The IFSW has members from 116 countries representing over one million professional social workers. One of the difficulties in enforcing the 1948 Universal Declaration of Human Rights is that it is not legally binding on the countries that have signed the declaration. Consequently the world’s majority does not live in the context of human rights protection. Members have been engaging with their governments to encourage them to sign up to the UN Optional Protocol adopted in 2008 to legally bind themselves to the Declaration. We bring our skills, knowledge and expertise to achieve the full recognition of peoples human rights and responsibilities to achieving social justice.
Social work actions result in the maximising of social capital, leading to social cohesion and work towards achieving social justice.
The aim is to enhance people’s quality of life and maximise their own power and control over their own lives. Social workers work with people in partnership individually and collectively through change to meet need, assess and help manage risk and work with often competing human rights. They do it by helping people make an analysis of the situation they are in, help them devise a route for change, often being the catalyst for that change and do this through social relationships.
The skills, knowledge and expertise of social work interventions are underpinned by social work theories and methodologies, research in social sciences, indigenous knowledge and social development. Principles and values of human rights, collective responsibility and social justice are fundamental to practice.

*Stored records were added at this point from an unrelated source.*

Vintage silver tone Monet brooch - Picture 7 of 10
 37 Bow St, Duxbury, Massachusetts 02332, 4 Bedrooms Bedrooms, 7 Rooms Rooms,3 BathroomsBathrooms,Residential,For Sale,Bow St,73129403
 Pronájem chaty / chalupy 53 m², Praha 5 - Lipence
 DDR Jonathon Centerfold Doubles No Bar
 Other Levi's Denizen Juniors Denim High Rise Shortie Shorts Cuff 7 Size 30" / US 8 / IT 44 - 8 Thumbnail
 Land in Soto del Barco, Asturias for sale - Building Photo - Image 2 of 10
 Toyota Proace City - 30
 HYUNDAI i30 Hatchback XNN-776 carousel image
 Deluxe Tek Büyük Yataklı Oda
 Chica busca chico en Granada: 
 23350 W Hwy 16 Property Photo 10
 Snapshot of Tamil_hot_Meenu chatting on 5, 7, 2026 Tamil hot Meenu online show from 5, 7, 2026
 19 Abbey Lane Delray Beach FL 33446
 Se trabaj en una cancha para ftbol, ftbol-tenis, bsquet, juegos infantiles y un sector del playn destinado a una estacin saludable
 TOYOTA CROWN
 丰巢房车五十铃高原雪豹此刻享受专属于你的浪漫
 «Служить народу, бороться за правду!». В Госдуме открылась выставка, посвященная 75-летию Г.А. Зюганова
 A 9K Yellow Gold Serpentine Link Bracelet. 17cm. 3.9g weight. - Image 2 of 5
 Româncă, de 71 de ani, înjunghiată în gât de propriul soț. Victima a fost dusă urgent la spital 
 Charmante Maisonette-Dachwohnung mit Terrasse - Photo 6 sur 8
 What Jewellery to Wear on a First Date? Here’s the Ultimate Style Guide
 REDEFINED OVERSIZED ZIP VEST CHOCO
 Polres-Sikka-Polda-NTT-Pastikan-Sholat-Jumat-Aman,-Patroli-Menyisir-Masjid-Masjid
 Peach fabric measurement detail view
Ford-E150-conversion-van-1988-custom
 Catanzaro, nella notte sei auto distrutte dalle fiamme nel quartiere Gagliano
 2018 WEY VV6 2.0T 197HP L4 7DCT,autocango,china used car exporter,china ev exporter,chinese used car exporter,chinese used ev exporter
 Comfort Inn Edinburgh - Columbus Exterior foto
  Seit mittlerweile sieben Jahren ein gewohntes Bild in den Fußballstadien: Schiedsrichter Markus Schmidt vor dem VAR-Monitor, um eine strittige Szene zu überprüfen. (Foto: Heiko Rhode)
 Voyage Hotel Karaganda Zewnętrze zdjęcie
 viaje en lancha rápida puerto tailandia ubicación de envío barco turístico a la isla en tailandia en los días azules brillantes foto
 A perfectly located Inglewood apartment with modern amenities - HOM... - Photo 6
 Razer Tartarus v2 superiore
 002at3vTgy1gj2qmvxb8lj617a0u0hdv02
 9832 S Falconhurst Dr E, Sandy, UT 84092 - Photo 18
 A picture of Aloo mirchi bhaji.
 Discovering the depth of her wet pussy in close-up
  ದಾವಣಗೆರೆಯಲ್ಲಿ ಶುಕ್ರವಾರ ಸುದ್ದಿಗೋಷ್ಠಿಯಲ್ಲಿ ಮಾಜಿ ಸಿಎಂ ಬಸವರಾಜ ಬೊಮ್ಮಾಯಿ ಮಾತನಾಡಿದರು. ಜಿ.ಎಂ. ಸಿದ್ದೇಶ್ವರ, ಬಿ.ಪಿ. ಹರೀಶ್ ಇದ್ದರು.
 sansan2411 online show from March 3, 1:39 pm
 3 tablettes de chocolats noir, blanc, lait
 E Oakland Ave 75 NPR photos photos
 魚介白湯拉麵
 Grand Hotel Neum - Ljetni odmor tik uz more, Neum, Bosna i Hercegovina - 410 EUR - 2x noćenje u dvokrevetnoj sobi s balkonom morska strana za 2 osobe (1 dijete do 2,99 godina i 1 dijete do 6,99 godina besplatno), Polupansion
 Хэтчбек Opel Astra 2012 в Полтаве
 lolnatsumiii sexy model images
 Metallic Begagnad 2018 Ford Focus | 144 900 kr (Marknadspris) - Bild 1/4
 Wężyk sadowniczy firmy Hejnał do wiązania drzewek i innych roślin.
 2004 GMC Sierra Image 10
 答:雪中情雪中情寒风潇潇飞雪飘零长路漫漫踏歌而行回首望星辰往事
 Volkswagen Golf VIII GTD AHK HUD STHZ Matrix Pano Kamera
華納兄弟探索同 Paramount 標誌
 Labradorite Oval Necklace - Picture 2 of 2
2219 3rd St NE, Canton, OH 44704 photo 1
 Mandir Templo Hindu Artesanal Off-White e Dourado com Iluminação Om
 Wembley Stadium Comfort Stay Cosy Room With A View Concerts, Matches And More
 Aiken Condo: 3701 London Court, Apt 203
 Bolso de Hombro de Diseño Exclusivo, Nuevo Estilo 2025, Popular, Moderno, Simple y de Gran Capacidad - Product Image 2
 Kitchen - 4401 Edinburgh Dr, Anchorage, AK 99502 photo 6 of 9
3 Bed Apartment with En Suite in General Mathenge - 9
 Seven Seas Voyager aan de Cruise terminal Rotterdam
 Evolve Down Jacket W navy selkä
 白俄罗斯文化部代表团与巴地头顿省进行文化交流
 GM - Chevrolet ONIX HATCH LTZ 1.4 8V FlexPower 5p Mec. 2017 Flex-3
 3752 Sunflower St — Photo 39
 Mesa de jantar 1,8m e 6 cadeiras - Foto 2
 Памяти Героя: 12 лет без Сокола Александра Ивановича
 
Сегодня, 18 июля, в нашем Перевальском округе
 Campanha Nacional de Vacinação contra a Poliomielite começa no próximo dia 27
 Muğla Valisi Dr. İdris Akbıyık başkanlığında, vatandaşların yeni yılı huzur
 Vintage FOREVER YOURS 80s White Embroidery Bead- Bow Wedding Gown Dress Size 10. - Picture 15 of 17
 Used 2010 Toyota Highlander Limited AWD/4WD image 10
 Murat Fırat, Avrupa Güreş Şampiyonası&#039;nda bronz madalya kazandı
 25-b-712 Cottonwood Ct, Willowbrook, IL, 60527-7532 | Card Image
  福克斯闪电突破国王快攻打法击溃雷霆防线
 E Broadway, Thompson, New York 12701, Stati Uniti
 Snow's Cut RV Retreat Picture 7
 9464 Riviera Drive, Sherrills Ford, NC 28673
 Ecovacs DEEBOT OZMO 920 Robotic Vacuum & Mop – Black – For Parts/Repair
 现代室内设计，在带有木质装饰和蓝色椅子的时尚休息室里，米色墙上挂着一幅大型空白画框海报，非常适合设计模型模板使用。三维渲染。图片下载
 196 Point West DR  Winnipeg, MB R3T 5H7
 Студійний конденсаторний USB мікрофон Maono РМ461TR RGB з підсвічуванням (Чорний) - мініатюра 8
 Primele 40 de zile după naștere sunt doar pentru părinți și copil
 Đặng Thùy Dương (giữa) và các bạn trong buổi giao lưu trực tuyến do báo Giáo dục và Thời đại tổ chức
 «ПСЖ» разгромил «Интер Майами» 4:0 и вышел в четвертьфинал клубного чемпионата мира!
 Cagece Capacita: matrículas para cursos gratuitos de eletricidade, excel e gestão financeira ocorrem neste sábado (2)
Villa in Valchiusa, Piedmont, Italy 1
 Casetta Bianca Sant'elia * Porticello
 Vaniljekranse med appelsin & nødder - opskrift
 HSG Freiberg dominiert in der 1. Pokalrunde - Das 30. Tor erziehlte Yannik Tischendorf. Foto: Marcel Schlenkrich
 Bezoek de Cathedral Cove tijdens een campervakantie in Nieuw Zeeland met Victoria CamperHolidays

Through the journey to change social workers are working to help people increase their capacity to find solution to life’s problems, building their self-belief, increasing their understanding of their responsibility. This often involves a journey dealing with previous feelings and emotions leftover from their experiences so far.
In recognising each person’s right to be regarded with dignity and respect social workers encompass the three generations of human rights, civil-political, socio-economic, and collective-developmental (Vasek, 1977)
Social work is part of a radical transformative tradition. Social workers have to have an understanding of the perspective of others. Working with people involves listening, analysis and working ethically. In working with competing human rights they have to work with people to prevent others taking control, to ensure people have rights and choice.
Working with individuals and groups of people will lead to every person being able to contribute in the socio-economic capacity of the society in which they live and secure the future in a life sustaining environment.